Lógico que filmes de guerra têm que ter passagens violentas e com bastantes tiroteios, mas se você está esperando algo como Pearl Harbor ou O Resgate do Soldado Ryan, esta não é a sua praia. Focado muito mais no psicológico dos personagens (como a primeira metade, a parte boa, de Nascido Para Matar), as lutas que acontecem, além de escassas, são em uma escala muito menor do que estamos acostumados a ver em Hollywood. Isso porque o filme acompanha os acontecimentos de uma tropa pequena, e não de um batalhão inteiro. A seqüência final, em que Chris está já bastante afetado psicologicamente com tudo o que presenciou, é fantástica, mesmo que tenha uma escala menor em termos de importância naquela guerra – afinal, qual combate foi importante no Vietnã, se pararmos para pensar?

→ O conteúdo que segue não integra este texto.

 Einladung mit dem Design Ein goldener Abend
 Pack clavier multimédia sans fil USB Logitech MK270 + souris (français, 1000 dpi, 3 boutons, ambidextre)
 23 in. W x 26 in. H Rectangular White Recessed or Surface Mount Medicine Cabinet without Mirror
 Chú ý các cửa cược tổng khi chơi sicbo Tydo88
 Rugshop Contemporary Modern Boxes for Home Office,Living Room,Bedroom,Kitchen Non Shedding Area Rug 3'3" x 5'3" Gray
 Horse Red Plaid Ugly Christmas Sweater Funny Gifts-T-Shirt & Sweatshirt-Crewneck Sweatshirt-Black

(Aqui abro um parênteses: impossível não lembrar do fato que Stone escreveu o roteiro baseado nas suas experiências reais durante a guerra. Como pode uma pessoa viver aquilo tudo e ainda manter a sanidade para falar a respeito sobre? Talvez Platoon seja um auto-purgatório de tudo o que ele viveu ao longo dos dias em que ficou no Vietnã.)

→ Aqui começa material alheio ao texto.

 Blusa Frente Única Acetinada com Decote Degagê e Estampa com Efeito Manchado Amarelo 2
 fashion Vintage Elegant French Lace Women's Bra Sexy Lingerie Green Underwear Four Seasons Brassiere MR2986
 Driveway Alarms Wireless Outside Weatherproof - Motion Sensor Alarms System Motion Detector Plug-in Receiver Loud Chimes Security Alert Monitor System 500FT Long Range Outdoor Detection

Parando para perceber um pouco nos rostos daqueles sofredores, é possível notar várias figuras que hoje são consagradas no cinema, como Johnny Depp ainda moleque e um Forest Whitaker inconfundível com aquele olhinho caído. Mas o filme é mesmo de Sheen e não tem para ninguém. Alvo de todos os pensamentos e pontos mais dramáticos (a seqüência em que os vietcongues vêm chegando ao fundo e ele não pode se mexer é fantástica), o papel caiu do céu para ele, já que outros nomes haviam recusado-o, como Keanu Reeves e Kyle MacLachlan, consagrando-o em Hollywood e abrindo as portas para diversos projetos (a título de curiosidade, Johnny Depp havia sido considerado para o papel de Chris Taylor, mas como era jovem demais, acabou ficando com um papel coadjuvante; mas Stone já havia dito que aquele menino seria um sucesso no cinema).

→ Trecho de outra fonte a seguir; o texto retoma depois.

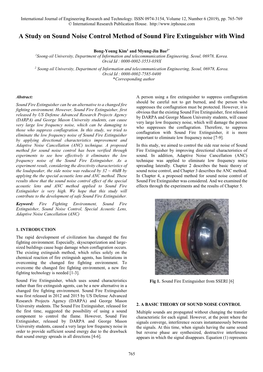 A Study on Sound Noise Control Method of Sound Fire Extinguisher with Wind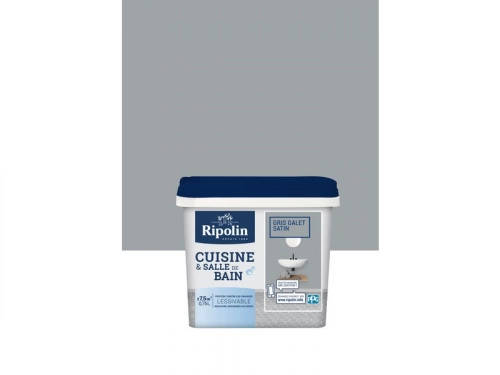 Peinture Mur Cuisine Et Bain Ripolin Gris Galet Satiné 0.75 L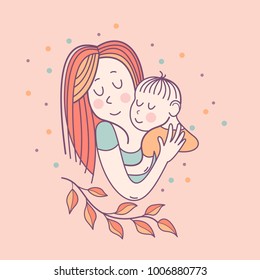 Greeting card mother's day. A pretty mother holds cute baby. Linear illustration. Vector emblem. The floral pattern.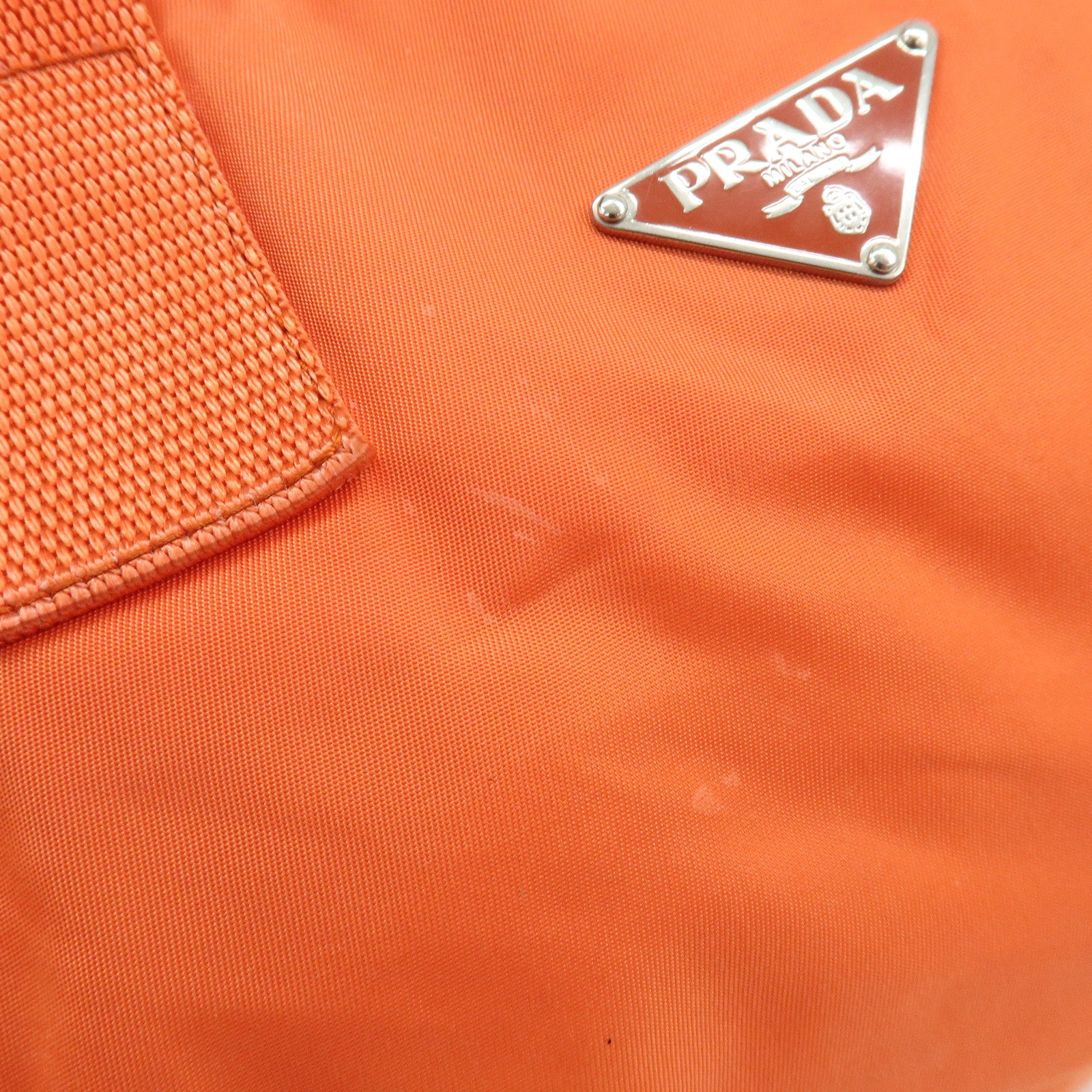 PRADA Triangle Logo Nylon Boston Bag Hand Bag Orange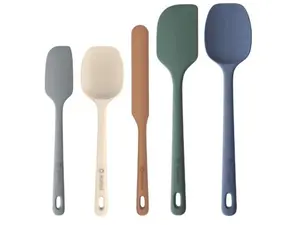 5 Pieces Silicone Spatula Set Food Grade Rubber Spatula Upgrade Strong Handle Ergonomic Grip Heat Resistant Up to 600°F for Nonstick Cookware Cooking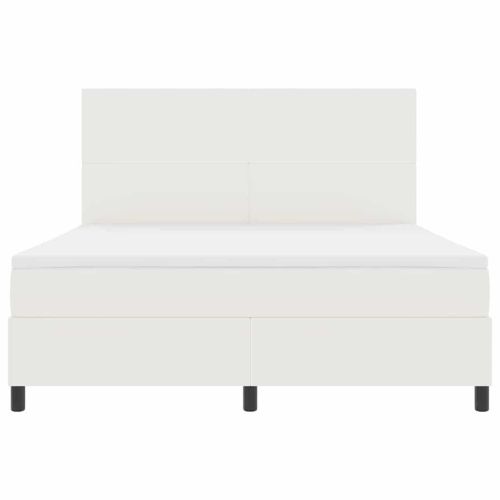 Легло с пружинирана основа Слонова кост и бяло 180 x 200 cm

Vencedor de quatro Oscars (Filme, Diretor para Oliver Stone, Montagem e Som) e indicado em outras quatro categorias (Ator Coadjuvante para Willem Dafoe, Ator Coadjuvante para Tom Berenger, Fotografia e Roteiro Original), Platoon consagrou de vez os filmes sobre o Vietnã: foi com ele que as pessoas puderam conhecer uma visão sobre o conflito de alguém que esteve realmente por lá, e isso dá importância ao trabalho de Stone (com relação ao Oscar, O Franco-Atirador havia vencido em 1979, o que pode ter tirado o Oscar de Apocalypse Now no ano seguinte, para o apenas bom Kramer VS Kramer). E, após o fim do filme, a sensação de alívio por não termos participado daquilo é imensa. A experiência de ver o sofrimento dos soldados e os crimes de guerra já devia bastar para os Estados Unidos repensarem esse monte de guerra que eles insistem em realizar. Algo que está longe de acontecer.